Below is a summary of Edison Opto's idea in a single diagram. Click the link in the caption to bring up a larger version in a new window. I have taken the liberty of expanding part of the ANSI C78.377 diagram below to make it clearer what's going on.


Click here to view a larger version of this diagram in a new window. (Source: Edison Opto Corp.)
Click here to view a larger version of this diagram in a new window.

(Source: Edison Opto Corp.)


The idea is to combine the ANSI bin group with tighter MacAdam ellipses to provide and communicate closer tolerances for the color of a particular LED, and to allow mixing of LEDs in a more fine-grained and predictable way.



Within the seven-step chromaticity qudrangle, Edison Opto draws five-step and three-step ellipses; they then use unique SKUs to specify into which of nine regions thus defined an LED's chromaticity falls.


Looking at the 2700K region of chromaticity space, the four regions outside the five-step MacAdam ellipse are designated 27A, 27B, 27C and 27D (clockwise from lower left). LEDs whose chromaticity falls in the section between the three-step and five-step MacAdam ellipses become 27S, 27T, 27U, and 27V. And the inside of three-step MacAdam ellipse is 273.


To extend the model, substitute the first two digits of the CCT value in Kelvins for the "27" in this example.


For higher color temperatures, 4000K and above, Edison Opto defines four additional extended bins farther from the blackbody line, for example 40W, 40X, 40Y, and 40Z.

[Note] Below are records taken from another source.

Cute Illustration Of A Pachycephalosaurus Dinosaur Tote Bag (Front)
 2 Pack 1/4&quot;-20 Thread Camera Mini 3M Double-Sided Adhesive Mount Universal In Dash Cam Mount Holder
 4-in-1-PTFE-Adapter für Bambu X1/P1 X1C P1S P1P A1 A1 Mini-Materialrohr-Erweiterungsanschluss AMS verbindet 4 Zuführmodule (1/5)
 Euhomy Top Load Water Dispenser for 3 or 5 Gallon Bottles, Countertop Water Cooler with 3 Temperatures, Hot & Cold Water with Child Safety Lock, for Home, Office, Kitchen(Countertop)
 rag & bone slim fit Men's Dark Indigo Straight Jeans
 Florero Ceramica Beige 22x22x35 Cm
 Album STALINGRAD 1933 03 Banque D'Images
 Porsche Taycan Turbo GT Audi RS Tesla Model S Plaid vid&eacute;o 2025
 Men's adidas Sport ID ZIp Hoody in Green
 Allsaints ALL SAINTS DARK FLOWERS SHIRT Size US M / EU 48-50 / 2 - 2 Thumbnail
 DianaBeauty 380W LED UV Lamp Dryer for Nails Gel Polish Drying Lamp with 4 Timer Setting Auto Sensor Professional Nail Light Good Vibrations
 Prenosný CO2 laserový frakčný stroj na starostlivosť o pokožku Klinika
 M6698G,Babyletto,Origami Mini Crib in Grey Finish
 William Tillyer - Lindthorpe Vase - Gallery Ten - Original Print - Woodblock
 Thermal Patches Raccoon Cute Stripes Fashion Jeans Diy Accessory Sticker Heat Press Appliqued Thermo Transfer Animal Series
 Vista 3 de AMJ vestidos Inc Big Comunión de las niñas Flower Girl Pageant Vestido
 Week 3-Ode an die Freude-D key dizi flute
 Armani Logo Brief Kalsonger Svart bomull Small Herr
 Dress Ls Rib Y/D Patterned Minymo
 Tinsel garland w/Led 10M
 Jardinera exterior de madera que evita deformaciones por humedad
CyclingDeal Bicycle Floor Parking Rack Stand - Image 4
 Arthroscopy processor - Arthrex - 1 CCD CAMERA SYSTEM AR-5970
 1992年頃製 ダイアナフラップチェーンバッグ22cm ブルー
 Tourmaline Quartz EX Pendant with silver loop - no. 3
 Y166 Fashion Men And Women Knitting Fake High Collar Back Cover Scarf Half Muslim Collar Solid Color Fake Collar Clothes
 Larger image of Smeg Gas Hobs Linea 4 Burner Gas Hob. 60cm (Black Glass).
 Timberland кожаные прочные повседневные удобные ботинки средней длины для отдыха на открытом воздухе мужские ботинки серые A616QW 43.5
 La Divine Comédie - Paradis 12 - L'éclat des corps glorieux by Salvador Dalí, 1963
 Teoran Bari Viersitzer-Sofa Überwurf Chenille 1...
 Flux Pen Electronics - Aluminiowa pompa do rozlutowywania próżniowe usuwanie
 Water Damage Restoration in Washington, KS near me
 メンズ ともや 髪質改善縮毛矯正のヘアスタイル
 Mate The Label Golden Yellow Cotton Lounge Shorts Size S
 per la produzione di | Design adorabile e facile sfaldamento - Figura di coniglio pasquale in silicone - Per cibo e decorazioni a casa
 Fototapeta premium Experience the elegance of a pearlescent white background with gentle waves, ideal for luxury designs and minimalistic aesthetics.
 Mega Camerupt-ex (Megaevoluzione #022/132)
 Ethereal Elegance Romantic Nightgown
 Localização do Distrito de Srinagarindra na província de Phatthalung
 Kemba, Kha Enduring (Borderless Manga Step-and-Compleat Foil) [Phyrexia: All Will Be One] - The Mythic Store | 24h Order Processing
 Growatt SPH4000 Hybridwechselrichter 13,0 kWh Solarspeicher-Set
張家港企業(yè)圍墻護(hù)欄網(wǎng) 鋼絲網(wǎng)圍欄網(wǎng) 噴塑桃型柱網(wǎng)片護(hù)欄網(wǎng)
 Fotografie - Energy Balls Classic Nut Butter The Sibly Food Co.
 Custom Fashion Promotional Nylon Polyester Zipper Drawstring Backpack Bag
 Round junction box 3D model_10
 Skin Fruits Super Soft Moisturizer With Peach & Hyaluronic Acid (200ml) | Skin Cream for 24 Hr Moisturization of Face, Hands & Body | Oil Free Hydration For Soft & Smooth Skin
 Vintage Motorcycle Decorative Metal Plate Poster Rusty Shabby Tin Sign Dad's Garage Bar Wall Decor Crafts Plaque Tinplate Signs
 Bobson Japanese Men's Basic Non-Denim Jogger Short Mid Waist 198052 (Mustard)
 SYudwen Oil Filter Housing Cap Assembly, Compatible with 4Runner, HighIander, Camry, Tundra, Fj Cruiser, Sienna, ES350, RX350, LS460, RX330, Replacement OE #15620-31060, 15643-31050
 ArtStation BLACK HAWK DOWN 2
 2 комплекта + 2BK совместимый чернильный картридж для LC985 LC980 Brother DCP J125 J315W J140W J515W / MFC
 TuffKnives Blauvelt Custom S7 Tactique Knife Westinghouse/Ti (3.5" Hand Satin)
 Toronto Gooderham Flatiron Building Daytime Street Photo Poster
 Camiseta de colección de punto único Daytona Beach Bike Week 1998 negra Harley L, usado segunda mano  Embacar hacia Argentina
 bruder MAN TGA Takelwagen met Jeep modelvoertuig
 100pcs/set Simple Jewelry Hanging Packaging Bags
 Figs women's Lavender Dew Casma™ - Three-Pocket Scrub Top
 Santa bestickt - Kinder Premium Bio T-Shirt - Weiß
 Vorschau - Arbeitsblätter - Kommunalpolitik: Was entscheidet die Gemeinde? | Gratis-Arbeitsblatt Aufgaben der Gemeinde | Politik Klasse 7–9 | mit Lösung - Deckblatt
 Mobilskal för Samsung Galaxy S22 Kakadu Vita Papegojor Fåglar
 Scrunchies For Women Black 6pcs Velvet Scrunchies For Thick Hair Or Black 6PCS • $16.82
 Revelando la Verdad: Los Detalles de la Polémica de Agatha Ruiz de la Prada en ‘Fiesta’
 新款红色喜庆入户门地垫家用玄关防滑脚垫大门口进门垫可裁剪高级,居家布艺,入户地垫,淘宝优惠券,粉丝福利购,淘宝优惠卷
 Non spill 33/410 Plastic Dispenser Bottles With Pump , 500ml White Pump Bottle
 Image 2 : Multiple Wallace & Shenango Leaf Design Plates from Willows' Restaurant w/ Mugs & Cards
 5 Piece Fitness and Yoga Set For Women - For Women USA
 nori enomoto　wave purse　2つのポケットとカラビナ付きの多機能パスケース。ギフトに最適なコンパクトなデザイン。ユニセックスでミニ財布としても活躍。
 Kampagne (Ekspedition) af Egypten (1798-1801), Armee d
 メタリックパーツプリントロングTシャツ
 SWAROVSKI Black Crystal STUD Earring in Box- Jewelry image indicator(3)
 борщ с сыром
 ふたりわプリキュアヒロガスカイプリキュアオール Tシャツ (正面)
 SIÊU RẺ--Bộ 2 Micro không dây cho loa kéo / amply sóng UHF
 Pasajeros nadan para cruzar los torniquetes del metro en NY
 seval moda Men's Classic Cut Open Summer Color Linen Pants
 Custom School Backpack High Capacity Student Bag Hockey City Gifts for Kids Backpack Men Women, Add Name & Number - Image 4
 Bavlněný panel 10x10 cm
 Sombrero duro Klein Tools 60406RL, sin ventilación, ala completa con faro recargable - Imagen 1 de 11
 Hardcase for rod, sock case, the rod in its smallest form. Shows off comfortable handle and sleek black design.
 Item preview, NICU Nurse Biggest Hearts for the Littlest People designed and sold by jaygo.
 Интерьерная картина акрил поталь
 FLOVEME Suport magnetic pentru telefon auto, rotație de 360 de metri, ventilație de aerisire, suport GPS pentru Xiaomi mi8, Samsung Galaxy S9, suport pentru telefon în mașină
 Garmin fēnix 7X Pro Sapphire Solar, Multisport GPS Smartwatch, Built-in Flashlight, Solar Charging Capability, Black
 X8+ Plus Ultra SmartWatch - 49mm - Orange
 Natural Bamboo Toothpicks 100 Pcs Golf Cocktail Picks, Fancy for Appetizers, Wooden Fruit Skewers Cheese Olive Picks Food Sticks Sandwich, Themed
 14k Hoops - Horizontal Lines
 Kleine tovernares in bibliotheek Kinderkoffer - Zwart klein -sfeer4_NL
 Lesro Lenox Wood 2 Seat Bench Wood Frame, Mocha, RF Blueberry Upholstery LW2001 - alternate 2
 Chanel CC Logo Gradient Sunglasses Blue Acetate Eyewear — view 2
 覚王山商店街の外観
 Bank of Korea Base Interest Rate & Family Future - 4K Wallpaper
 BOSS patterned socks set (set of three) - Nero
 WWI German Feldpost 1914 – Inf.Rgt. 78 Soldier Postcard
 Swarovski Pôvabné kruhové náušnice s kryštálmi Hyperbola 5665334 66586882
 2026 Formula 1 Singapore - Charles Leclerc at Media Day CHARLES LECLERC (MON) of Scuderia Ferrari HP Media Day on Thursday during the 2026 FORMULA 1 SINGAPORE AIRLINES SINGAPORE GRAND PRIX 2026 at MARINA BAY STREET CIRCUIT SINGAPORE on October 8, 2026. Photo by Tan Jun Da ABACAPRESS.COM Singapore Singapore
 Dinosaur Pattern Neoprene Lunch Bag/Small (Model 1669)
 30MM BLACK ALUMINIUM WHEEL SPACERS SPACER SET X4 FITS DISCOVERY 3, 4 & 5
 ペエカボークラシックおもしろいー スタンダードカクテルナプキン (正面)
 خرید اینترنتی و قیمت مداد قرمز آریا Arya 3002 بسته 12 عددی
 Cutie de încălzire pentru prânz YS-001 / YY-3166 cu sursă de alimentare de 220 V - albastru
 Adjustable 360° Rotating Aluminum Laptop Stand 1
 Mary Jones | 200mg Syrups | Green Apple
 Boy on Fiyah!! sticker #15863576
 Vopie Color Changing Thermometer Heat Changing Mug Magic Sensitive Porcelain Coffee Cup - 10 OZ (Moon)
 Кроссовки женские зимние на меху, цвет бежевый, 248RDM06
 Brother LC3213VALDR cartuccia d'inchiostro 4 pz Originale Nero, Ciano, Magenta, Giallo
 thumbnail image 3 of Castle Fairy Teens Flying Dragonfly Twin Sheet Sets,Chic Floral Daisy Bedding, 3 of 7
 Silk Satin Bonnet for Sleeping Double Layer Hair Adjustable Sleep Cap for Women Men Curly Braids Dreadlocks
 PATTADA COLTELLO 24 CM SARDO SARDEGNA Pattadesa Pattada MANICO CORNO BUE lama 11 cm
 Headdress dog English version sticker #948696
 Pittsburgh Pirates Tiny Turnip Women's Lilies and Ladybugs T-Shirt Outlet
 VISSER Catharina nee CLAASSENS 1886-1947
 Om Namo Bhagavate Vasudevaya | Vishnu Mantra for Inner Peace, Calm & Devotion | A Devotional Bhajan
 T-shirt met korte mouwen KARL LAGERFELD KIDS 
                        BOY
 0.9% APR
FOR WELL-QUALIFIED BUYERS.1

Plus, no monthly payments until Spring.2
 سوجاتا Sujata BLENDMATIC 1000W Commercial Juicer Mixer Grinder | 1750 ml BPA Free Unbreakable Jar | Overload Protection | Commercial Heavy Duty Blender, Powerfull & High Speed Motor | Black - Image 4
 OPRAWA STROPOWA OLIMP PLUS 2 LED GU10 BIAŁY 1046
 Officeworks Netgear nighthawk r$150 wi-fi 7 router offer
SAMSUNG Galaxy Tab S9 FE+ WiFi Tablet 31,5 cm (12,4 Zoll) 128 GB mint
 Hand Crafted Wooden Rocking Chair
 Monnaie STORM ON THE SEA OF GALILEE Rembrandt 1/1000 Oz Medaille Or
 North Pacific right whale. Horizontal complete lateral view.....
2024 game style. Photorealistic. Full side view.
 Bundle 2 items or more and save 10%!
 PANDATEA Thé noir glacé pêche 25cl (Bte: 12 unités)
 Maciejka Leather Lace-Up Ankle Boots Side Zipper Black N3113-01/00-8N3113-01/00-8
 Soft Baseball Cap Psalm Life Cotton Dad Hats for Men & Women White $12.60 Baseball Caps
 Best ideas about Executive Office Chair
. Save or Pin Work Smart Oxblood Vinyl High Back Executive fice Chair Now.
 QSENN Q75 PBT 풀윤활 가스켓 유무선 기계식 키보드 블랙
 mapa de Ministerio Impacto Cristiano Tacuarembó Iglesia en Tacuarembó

You can see how mixing an equal number of 27T and 27V LEDs would result in color averaging out on the blackbody line. Doing so would presumable be far cheaper than sourcing an equal number of three-step, 273 LEDs. And for applications less demanding of color precision, 27A-27B-27C-27D LEDs could be mixed to similar if less exacting effect, again at a significant savings.


Now, I have never put together a luminaire from piece parts. This binning scheme seems to me to be an improvement over the status quo ante, and something that other LED makers might want to emulate. Our own Sunrise Strip author, Bill Reisenauer, informs me that LED shops experimented with similar extended binning as much as 10 years ago. But Edison Opto seems to have come up with something useful and workable, if not exactly brand-new.